As the nightly meal unfolded – each beautifully presented, each delicious the conversations around us in accents of English, American, French and German blended together.  It is a strange and slightly fantastic thing to sit in such refinement while knowing that beyond the tall windows lies only darkness and the open Atlantic. The mind drifts briefly to images of grand ocean liners of another era -  the sort of scene one imagines aboard Titanic, the Ile de France, or the Normandie  - formal wear, silver service, and an immense sea stretching unseen beyond the hull.

 
Tonight, however, our table included an unexpected counterpoint to that atmosphere. A young American woman was seated with us, and throughout the entire meal, she remained on her phone - texting, scrolling, occasionally making calls.  When she did acknowledge anyone else, she spoke loudly and about how successful she was working remotely and her plans to retire soon to Europe. She had worn the same down jacket and track pants each day of the crossing thus far, dress code notwithstanding.  Generally, she ignored the staff attempting to serve her as well. 

 
It was a small, oddly modern disruption inside a very traditional setting.
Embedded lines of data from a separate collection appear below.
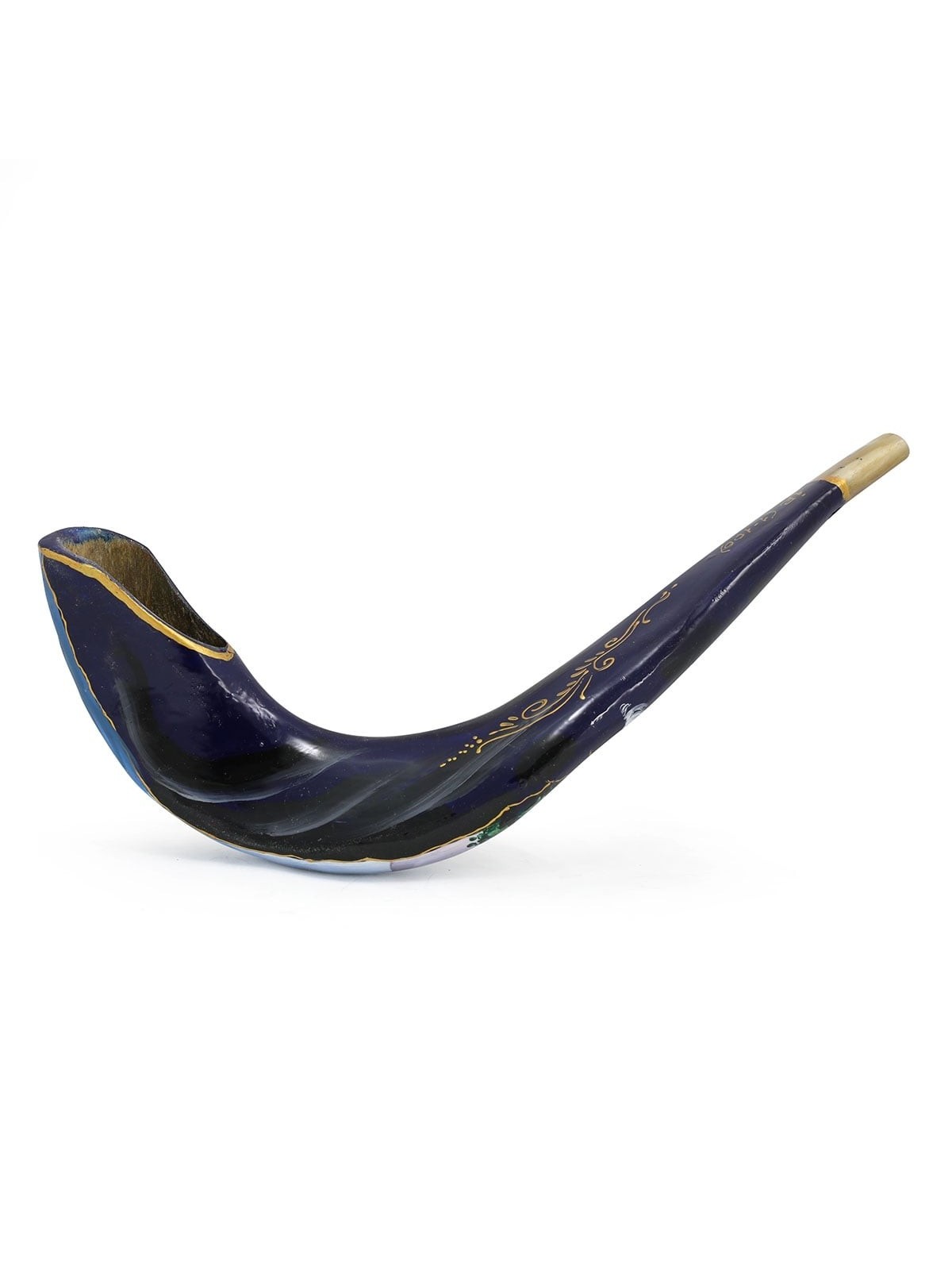 Hand Painted Jacob's Dream Shofar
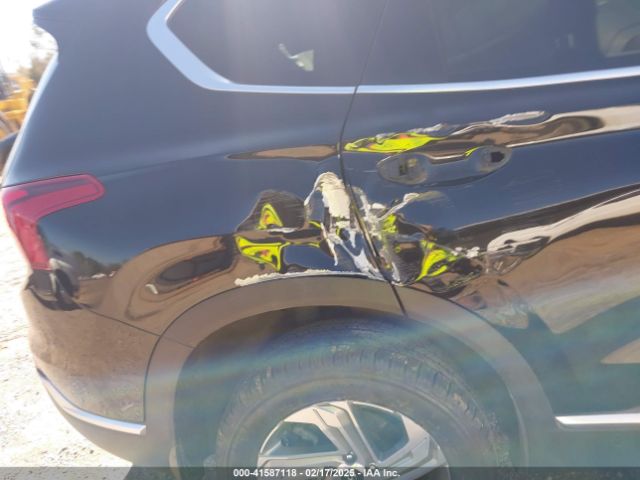 5NMS64AJXMH351137 Hyundai Santa Fe Sel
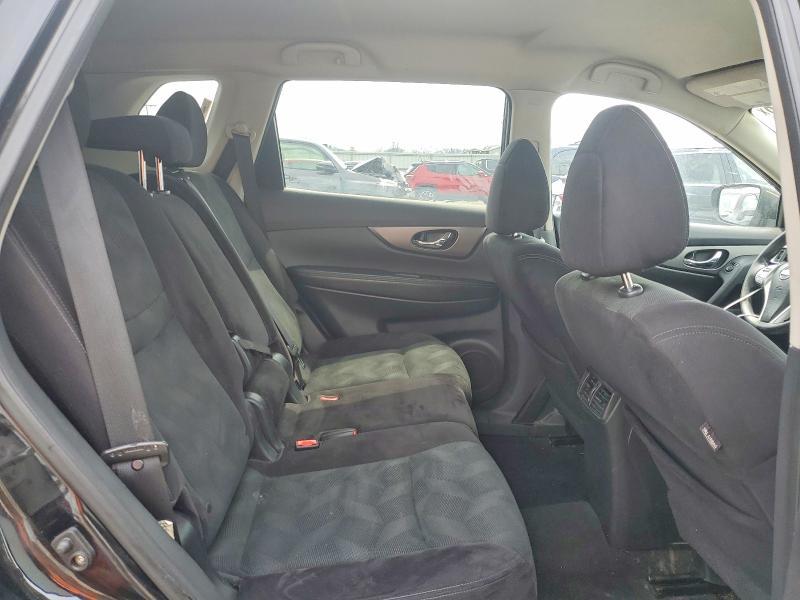 2014 Nissan Rogue sv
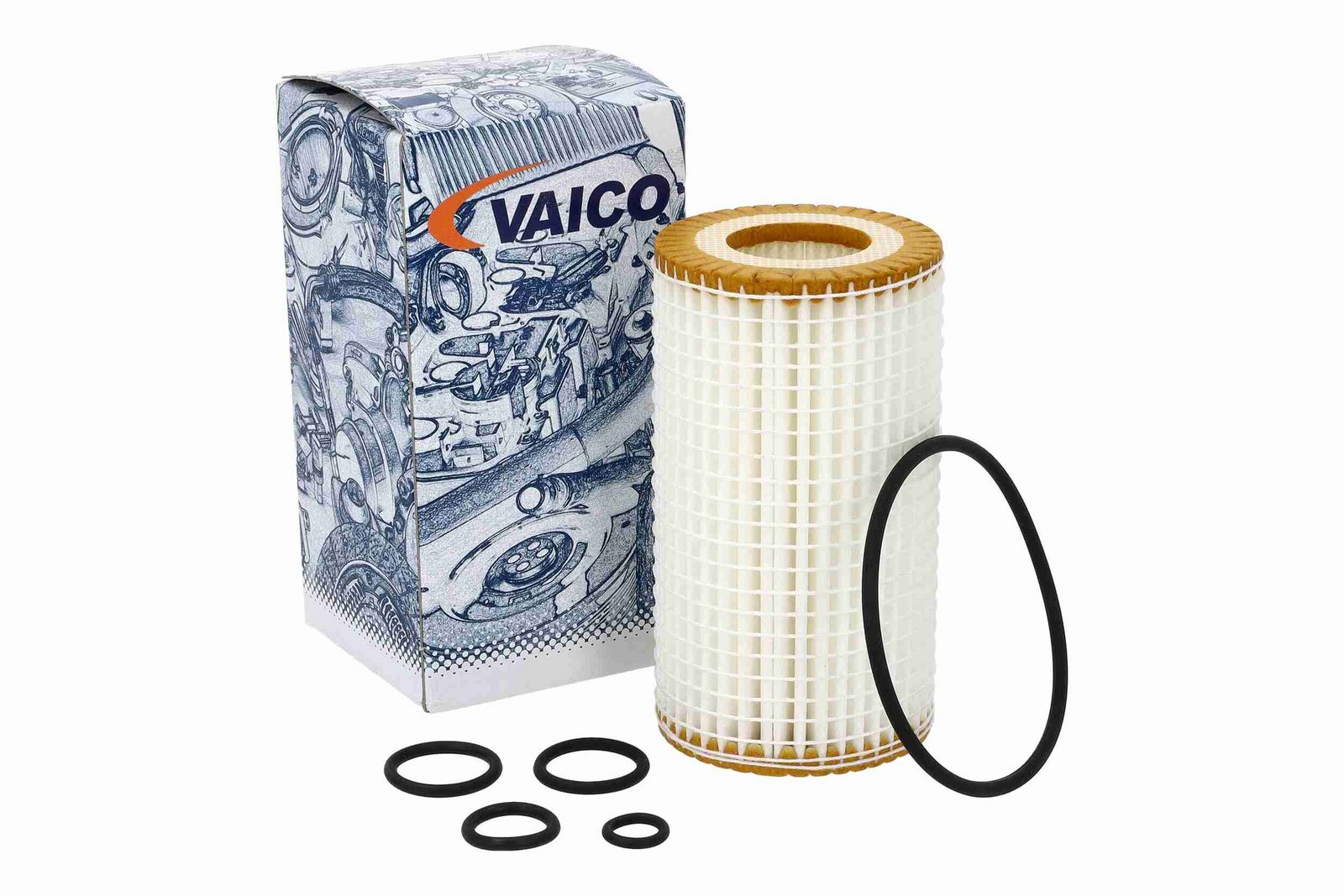 VAICO V30-0859 - Ölfilter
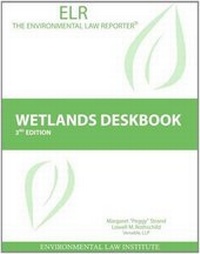 Bild: Wetlands Deskbook - Environmental Law Institute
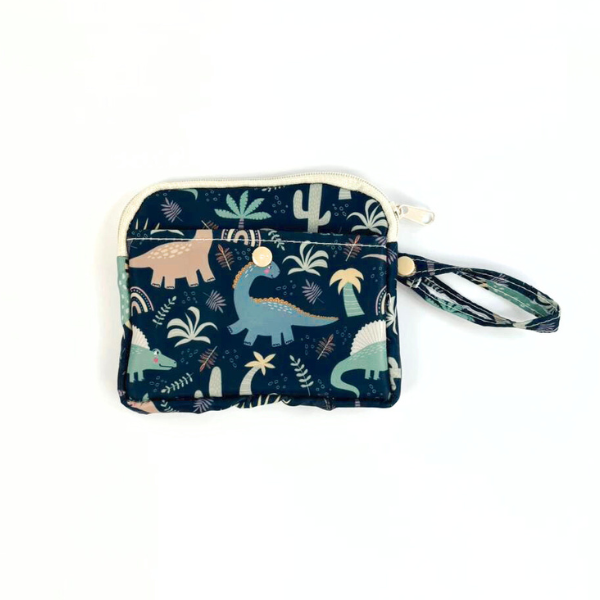 Neceser Pocket Dino Azul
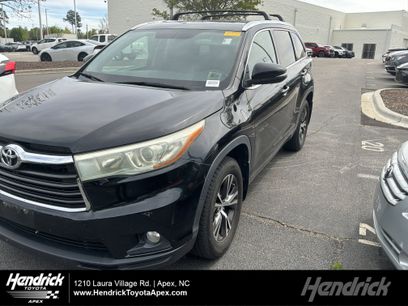 Used 2016 Toyota Highlander XLE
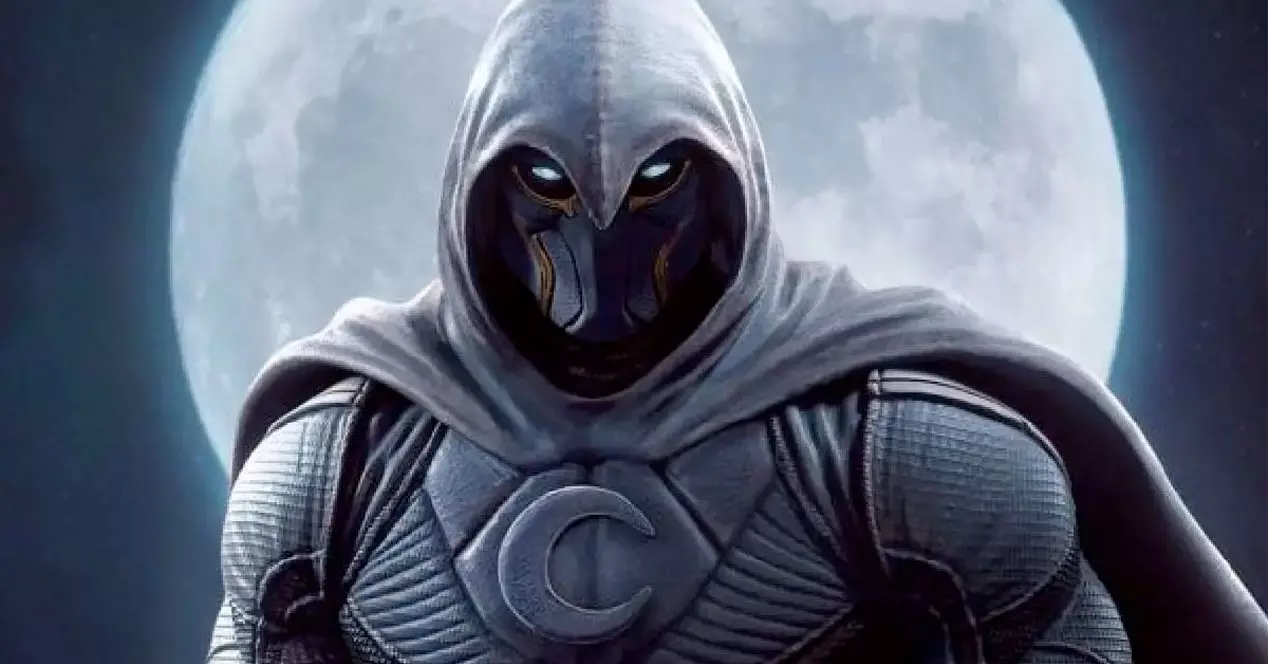 Moon Knight has a record within the UCM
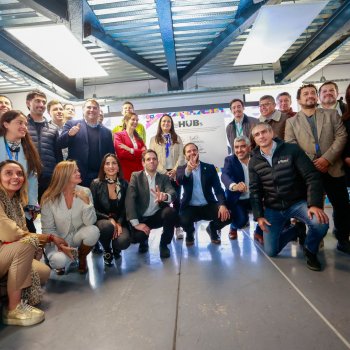 Red Chilena de HUBs Municipales cumple un año y ya suma 31 integrantes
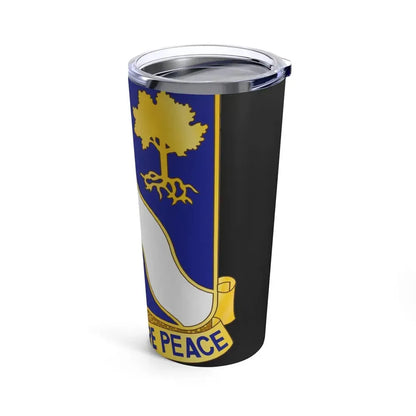 143rd Infantry Regiment (U.S. Army) Tumbler 20oz - Go Mug Yourself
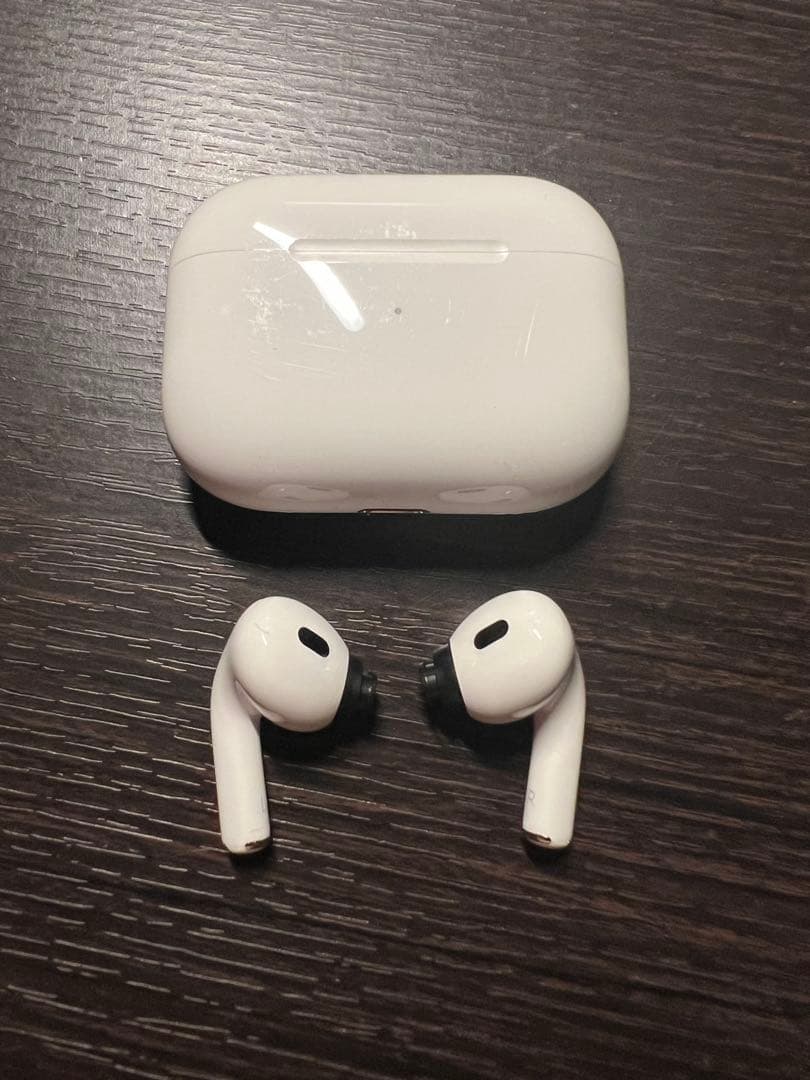 AirPodsPro(第二世代) MagSafe充電ケース付き タイプC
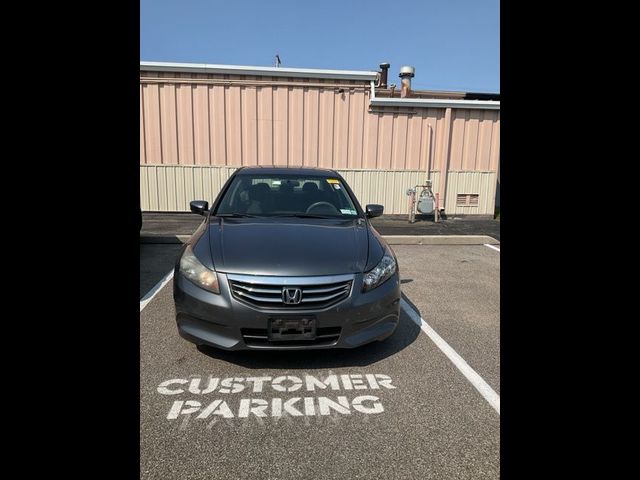 2012 Honda Accord LX Premium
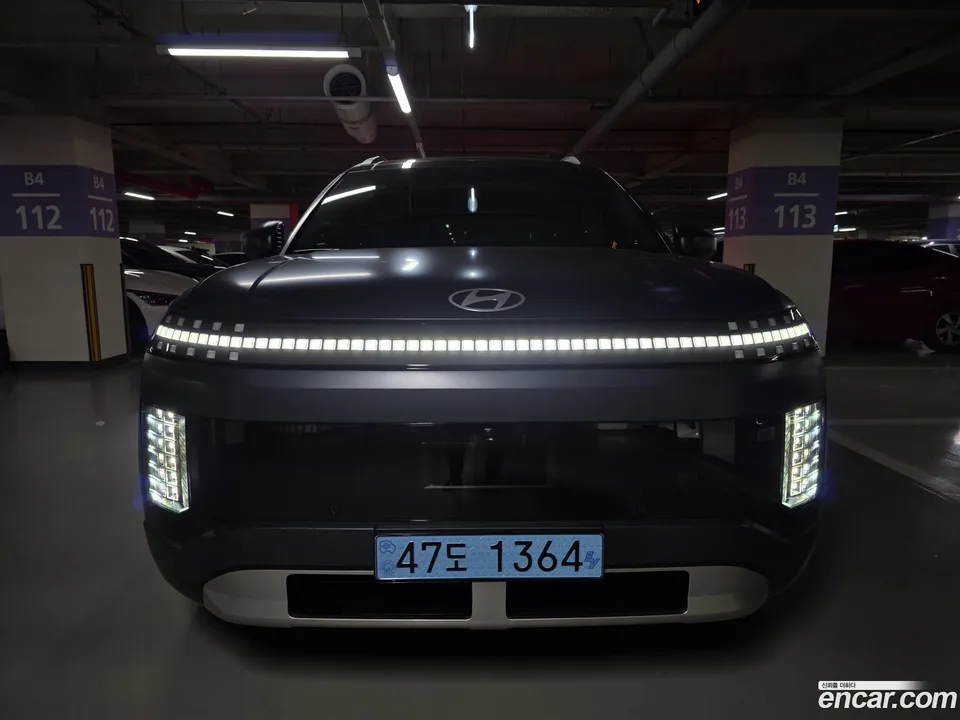 Hyundai Ioniq 9 AWD 2026 — photo 1, buy with delivery to Moscow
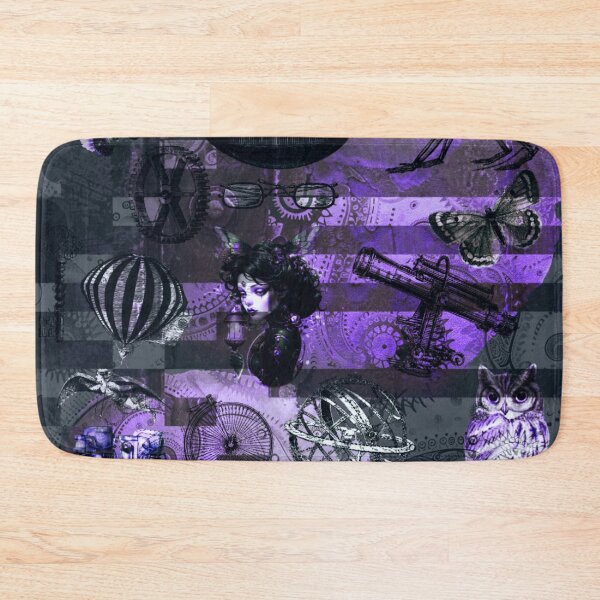 Item preview, My steampunk purple designed and sold by FlossOrFi.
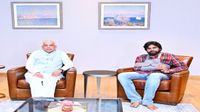 పవన్ నివాసానికి గవర్నర్, పరామర్శ - అక్కడే ప్రత్యేకంగా..!!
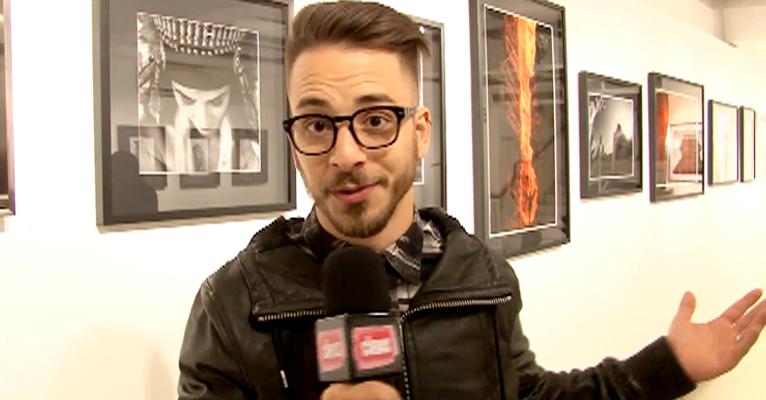 Junior Lima revela sua paixão pela fotografia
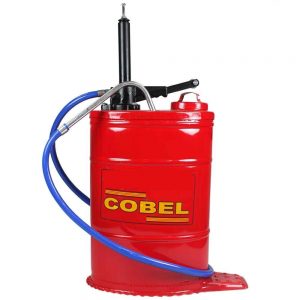 BOMBA PARA ÓLEO CAMBIO E DIFERENCIAL- TRANSFERÊNCIA MANUAL ROTATIVA 18LTS COBEL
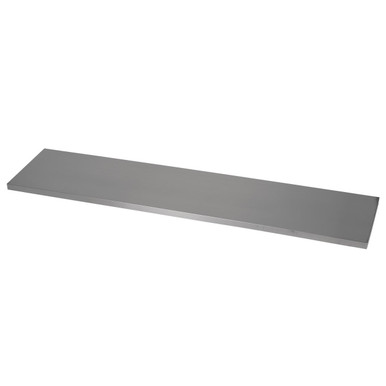 Bunker Modular Stainless Steel Worktop, 1360mm product image
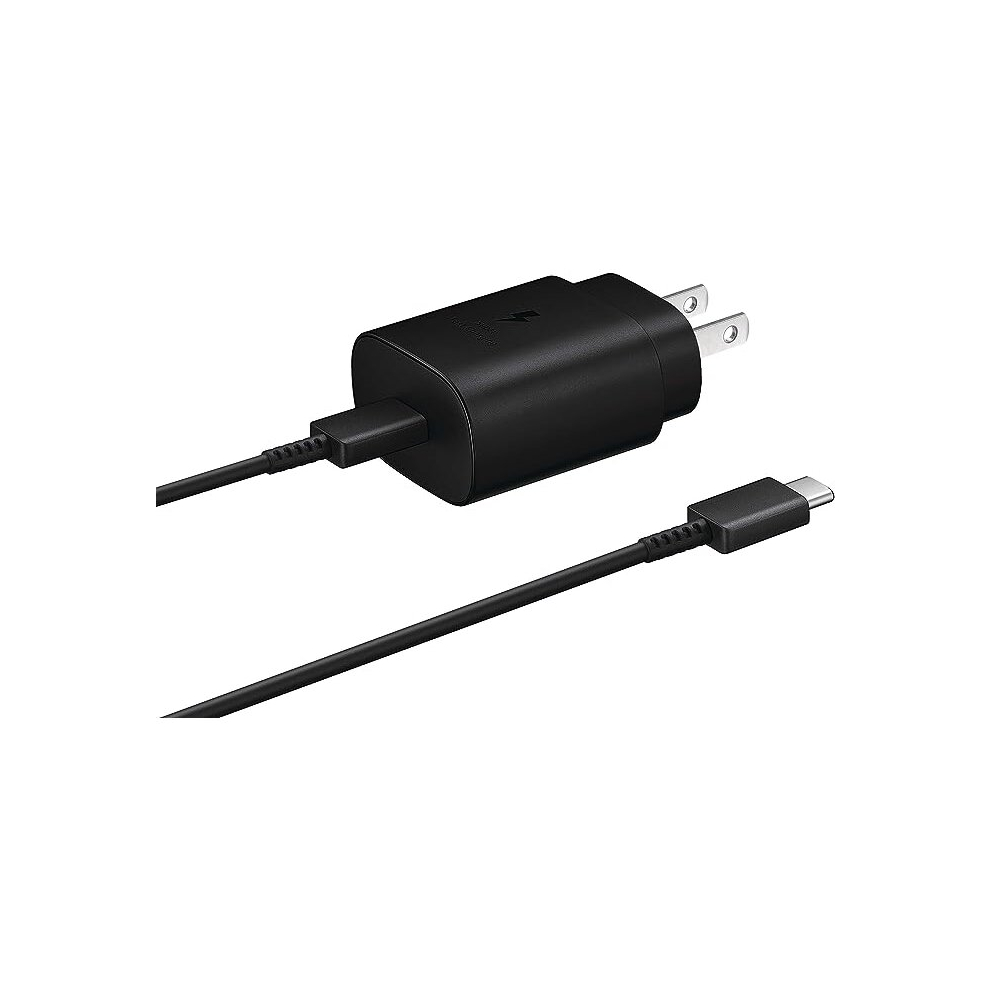 Samsung 25W Pd Power Adapter With 1M Type-C Cable (Ep-Ta800)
Here on an ocean liner steeped in history, someone sat half-anchored to another continent through a glowing screen.
 

Queen’s Room and G32

 
Enjoying the evening and with dinner behind us, we drifted to the elegance of the Queen’s Room where the Clique Band had already begun their set beneath the chandeliers.  The polished wood floor filled quickly, couples stepping into rhythm as tracks from the 1960s and 70s rolled out across the room built for tradition.  
 
It was interesting to watch the transition Cunard is clearly attempting. The selections leaned toward contemporary pop, an effort perhaps to welcome a younger audience into a space long associated with waltzes and foxtrots. Yet the reaction told its own story. When a 1990s or early-2000s song came on, the energy shifted. Some dancers hesitated. Others quietly returned to their seats. The floor, so alive moments earlier, thinned out. Change at sea, like anywhere else, is rarely seamless.

 
After a short while, and having enjoyed a couple of turns around the dance floor, we slipped into G32 at the back of the room, where a DJ was spinning tracks that felt closer to home.  Here, the bass was stronger, the lighting lower and the energy less formal.  Here, the songs we grew up with roared, bringing with them a lifetime of memories. 
 
By the time we brought our night to an end and began wandering back to our cabin the Atlantic had begun to roll and assert itself. 

 
What we had taken to be the dance floor and excitement of the music was, in fact, the ship rocking.  Not dramatically, but certainly enough that keeping our balance became something you had to remain conscious of.  Curious we tried to step out onto the promenade deck.  Here, rain lashed against the large windows, and the wind was pushing so hard that it was almost impossible to open the door slightly.  While we had hoped to step outside, the thought of being caught on the outer deck in that weather – unable to pull the door back open against the gale made us reconsider.
 
A firm reminder that out here, conditions change quickly and that the sea always has the final word.
 
“The Transatlantic crossing,
Where an endless sky
Sweeps across a mystic sea.
Awakening the adventurous spirit in those
Fortunate enough to make the voyage.”
 
Cunard QM2 Advertisement
 
See you on board!

Nautical Term of the Day – Squall Line - A sharp, fast-moving band of wind and rain. In the Mid-Atlantic, these appear suddenly and historically kept sailors alert at all hours.